_EXERCISE_
Scan the listing below and copy every line holding "little".

_SUPPLIED DATA_
::::::::::
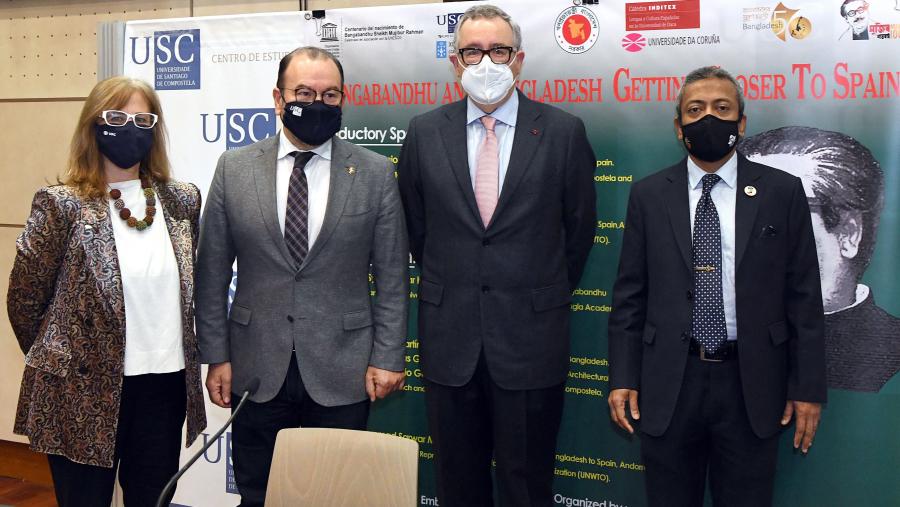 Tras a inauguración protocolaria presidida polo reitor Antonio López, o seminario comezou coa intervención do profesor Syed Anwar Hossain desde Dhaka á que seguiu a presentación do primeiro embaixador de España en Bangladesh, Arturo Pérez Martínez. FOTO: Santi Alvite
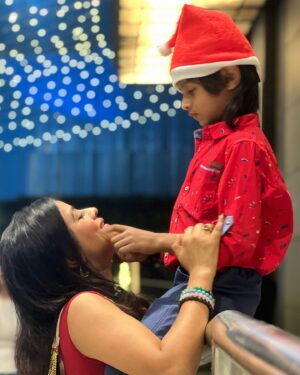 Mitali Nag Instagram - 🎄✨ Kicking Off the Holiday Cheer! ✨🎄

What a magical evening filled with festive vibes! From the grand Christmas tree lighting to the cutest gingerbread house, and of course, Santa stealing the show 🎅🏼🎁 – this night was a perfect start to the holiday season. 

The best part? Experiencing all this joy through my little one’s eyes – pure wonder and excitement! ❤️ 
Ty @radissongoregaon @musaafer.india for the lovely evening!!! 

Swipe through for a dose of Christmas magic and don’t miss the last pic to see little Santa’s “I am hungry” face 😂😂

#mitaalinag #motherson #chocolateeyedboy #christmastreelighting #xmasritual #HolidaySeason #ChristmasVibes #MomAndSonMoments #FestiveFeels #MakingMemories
::::::::::
_RESPONSE AREA_
The best part? Experiencing all this joy through my little one’s eyes – pure wonder and excitement! ❤️ 
Swipe through for a dose of Christmas magic and don’t miss the last pic to see little Santa’s “I am hungry” face 😂😂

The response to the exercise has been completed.